Privatbank just won an important victory in another case in London, where the court of appeal upheld a decision to freeze $2bn worth of Kolomoisky and his partners’ assets. Assets were seized as part of the lender’s efforts to recover $7.2bn looted under old ownership. The bank is now free to pursue a lawsuit claiming fraud on a massive scale in which shell companies owned by shareholders emptied it of money.
“There is no difficulty with the Bank’s proving a good arguable case of a fraudulent scheme… and money laundering on a vast scale,” the judge said in his conclusions.
More reform laws passed
In the meantime the Rada continues to push through a blizzard of new pro-reform legislation.

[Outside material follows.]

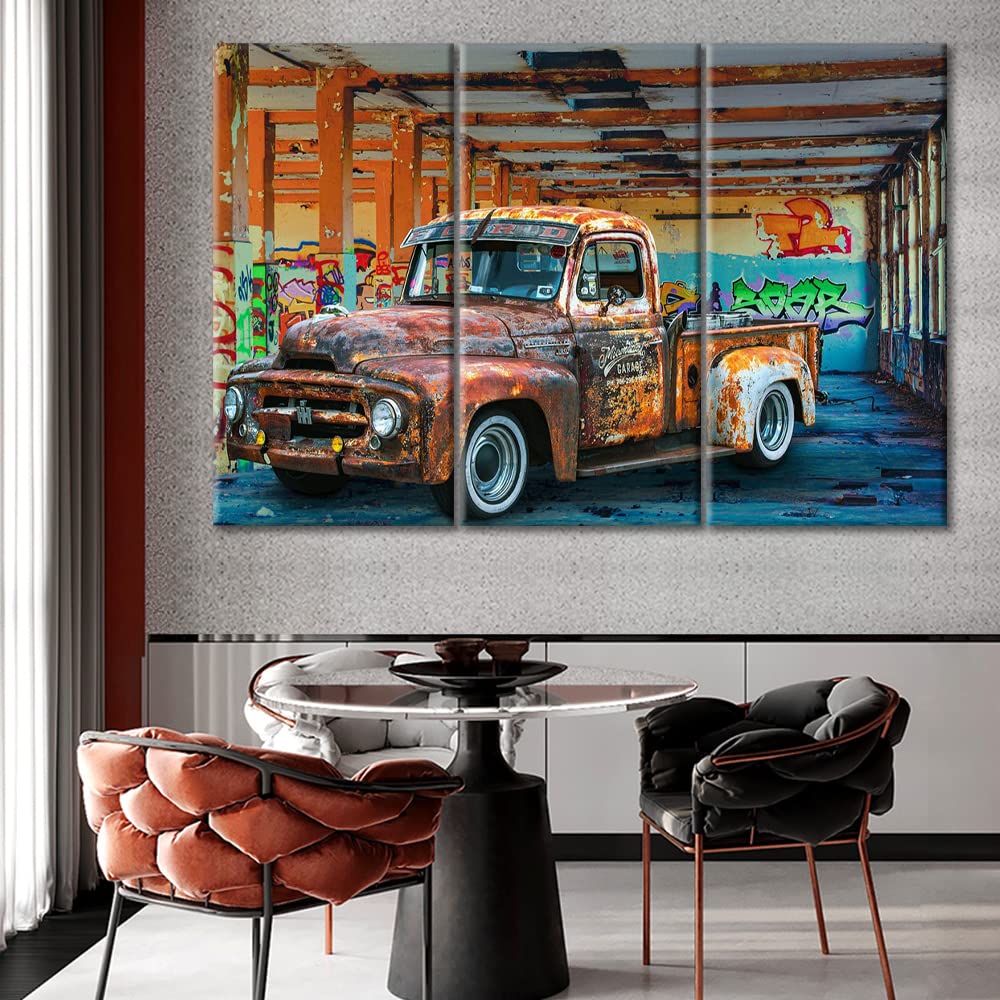 TUMOVO Graffiti Canvas Wall Art Scrap Car Parked by Graffiti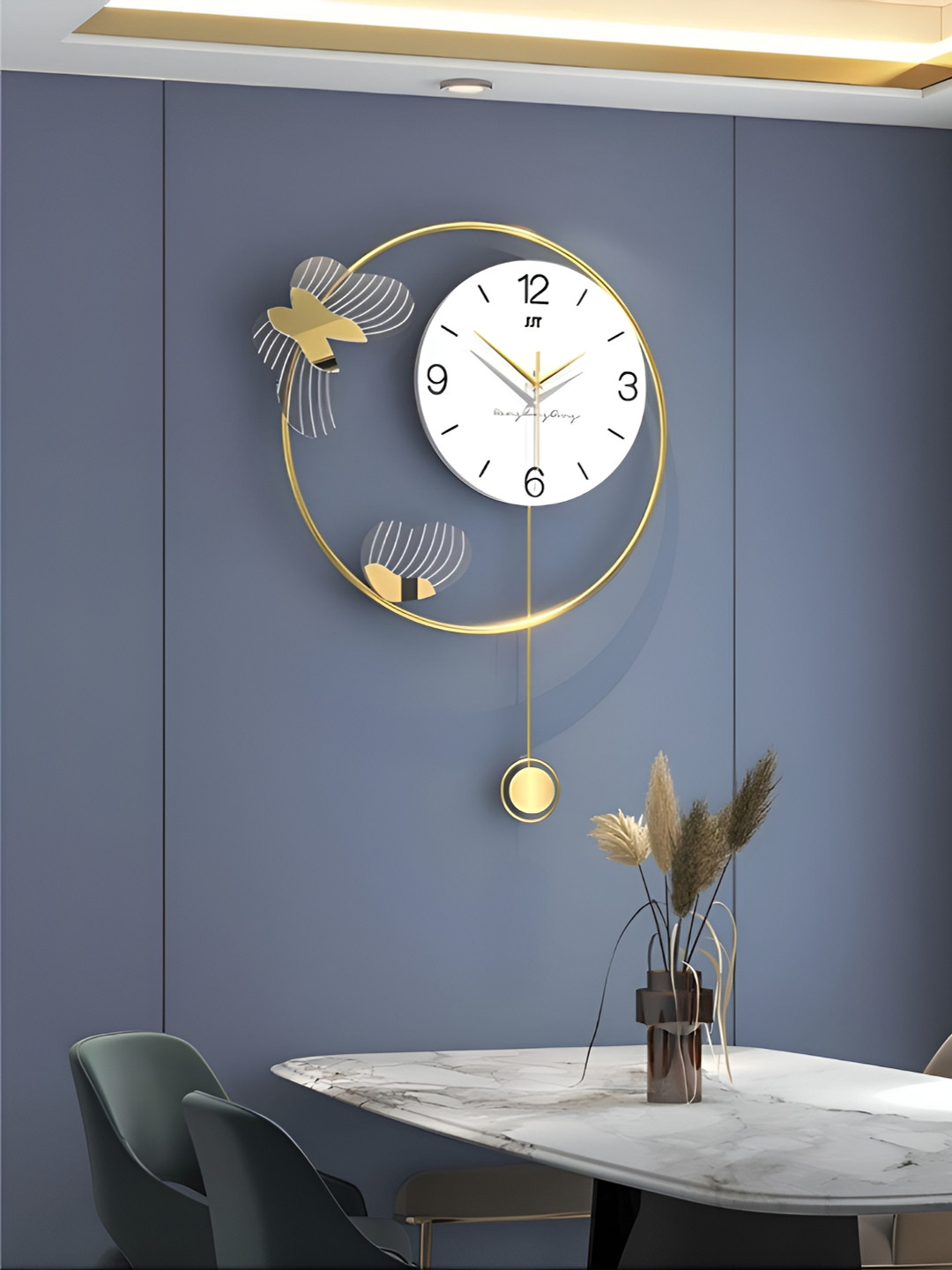 

The Art House White & Gold-Toned Abstract Shaped Traditional Wall Clock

A new whistleblower law was finally passed on October 17 as part of a broad fight again endemic corruption. The Rada also passed a bill seeking to relaunch the judicial reform that the Zelenskiy administration says was sabotaged by former president Petro Poroshenko. It reviews judges’ performance in an attempt to clean out the system of corrupt judges.
The judiciary’s two governing bodies, the High Council of Justice and the High Qualification Commission of Judges, were accused of botching judicial reform and protecting corrupt judges under Poroshenko, although they denied the accusations, the Kyiv Post reported.
The bill, passed in the second of three readings, envisages replacing all the members of the High Qualification Commission of Judges, the agency that vets and hires judges. The bill also stipulates halving the number of Supreme Court judges from 200 to 100 and selecting a new, smaller Supreme Court from the existing judges.
And in another blow for justice, the National Anticorruption Bureau of Ukraine opened a criminal investigation against former Prosecutor General Yuriy Lutsenko at the request of Kyiv’s Solomyansky District Court.
Lutsenko was notorious for failing to investigate or prosecute anyone while general prosecutor under Poroshenko.
NABU’s press office confirmed reports that a case has been opened against Lutsenko and that he is under investigation for criminal abuse of office.